◆ Aim of the exercise
Here the job is to copy the data exactly and to exclude every image from it.

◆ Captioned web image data
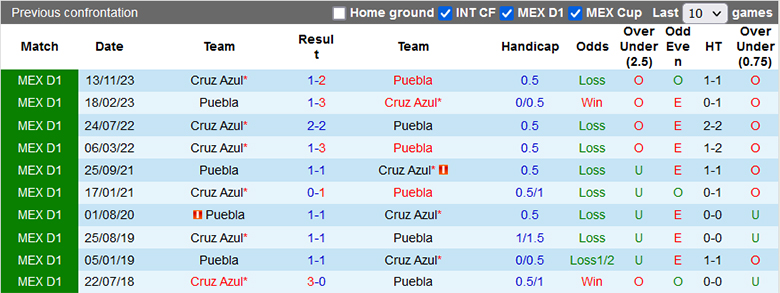 Nhận định, soi kèo Puebla vs Cruz Azul, 10h00 ngày 13/4: Chủ nhà buông xuôi - Ảnh 1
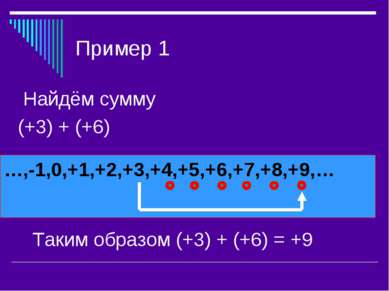 Пример 1 Найдём сумму (+3) + (+6) …,-1,0,+1,+2,+3,+4,+5,+6,+7,+8,+9,… Таким о...
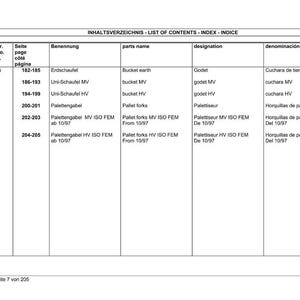 May include: A white document with a table titled "LIST OF CONTENTS - INDEX - INDICE". The table lists item numbers, page numbers, part names, designations, and denominations. The document is a parts list for machinery.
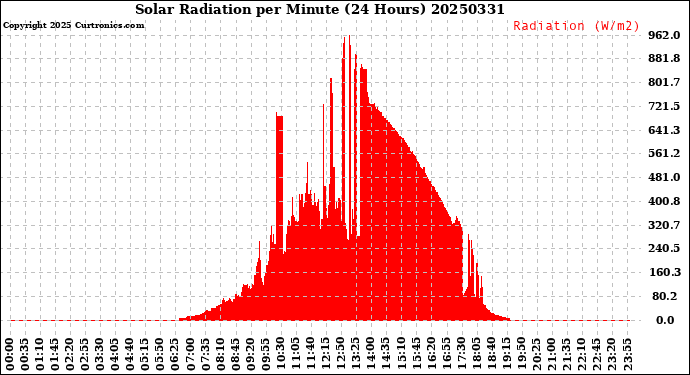 Milwaukee Weather Solar Radiation<br>per Minute<br>(24 Hours)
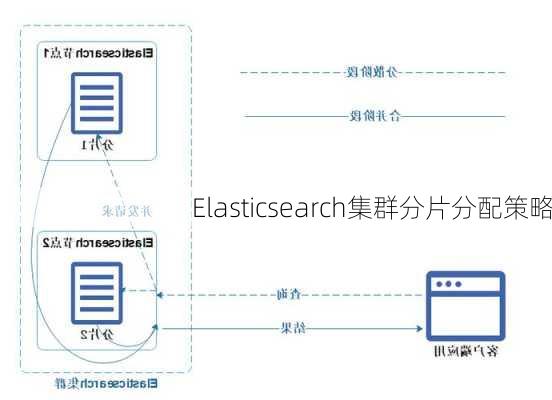 Elasticsearch集群分片分配策略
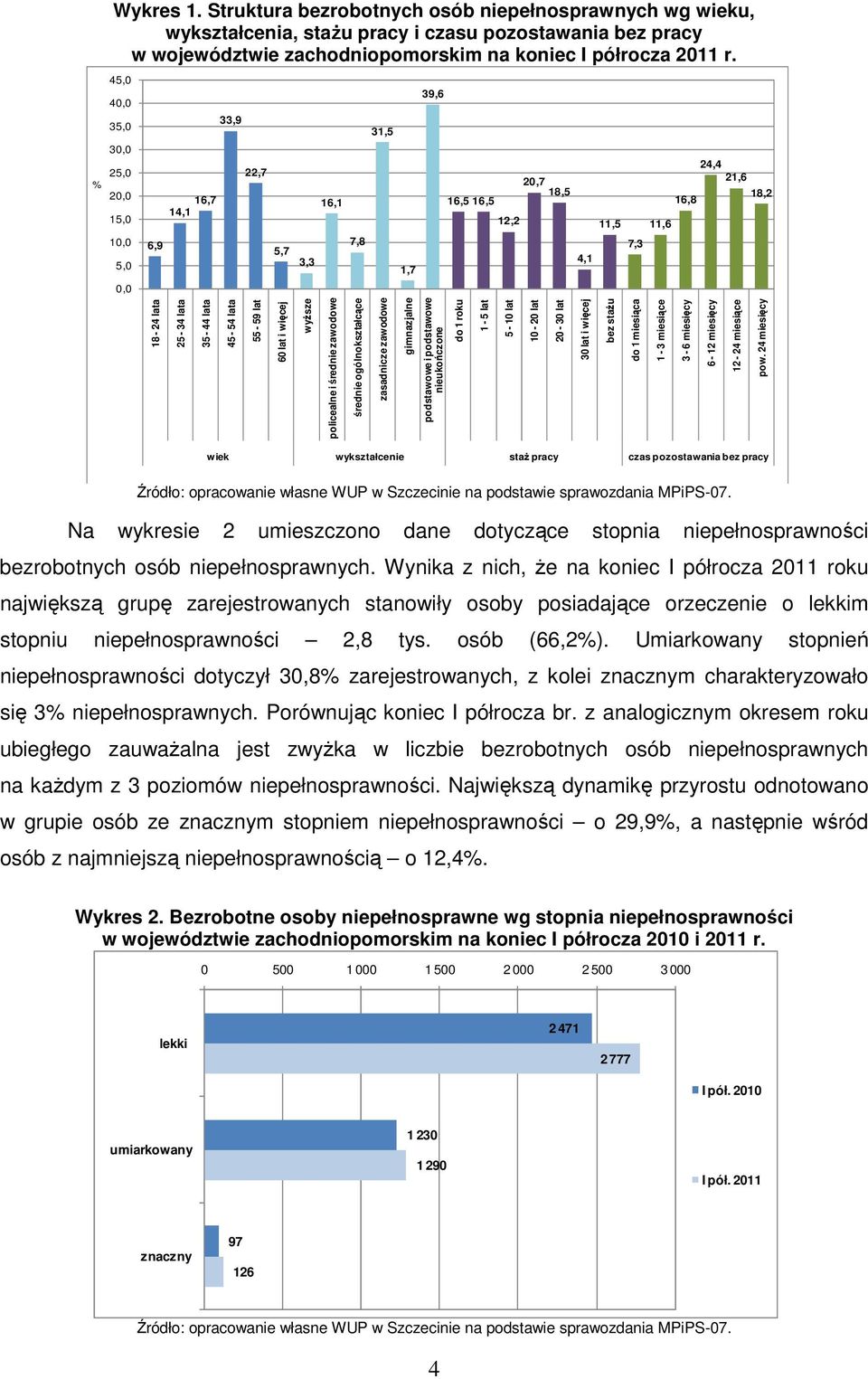 średnie ogólnokształcące 31,5 zasadnicze zawodowe 1,7 gimnazjalne 39,6 podstawowe i podstawowe nieukończone 16,5 16,5 do 1 roku 1-5 lat 12,2 5-10 lat 20,7 18,5 10-20 lat 20-30 lat 4,1 30 lat i więcej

◆ Output of the task
 Nhận định, soi kèo Puebla vs Cruz Azul, 10h00 ngày 13/4: Chủ nhà buông xuôi - Ảnh 1
 Пример 1 Найдём сумму (+3) + (+6) …,-1,0,+1,+2,+3,+4,+5,+6,+7,+8,+9,… Таким о...
 May include: A white document with a table titled "LIST OF CONTENTS - INDEX - INDICE". The table lists item numbers, page numbers, part names, designations, and denominations. The document is a parts list for machinery.
 Milwaukee Weather Solar Radiation<br>per Minute<br>(24 Hours)
 Elasticsearch集群分片分配策略
 średnie ogólnokształcące 31,5 zasadnicze zawodowe 1,7 gimnazjalne 39,6 podstawowe i podstawowe nieukończone 16,5 16,5 do 1 roku 1-5 lat 12,2 5-10 lat 20,7 18,5 10-20 lat 20-30 lat 4,1 30 lat i więcej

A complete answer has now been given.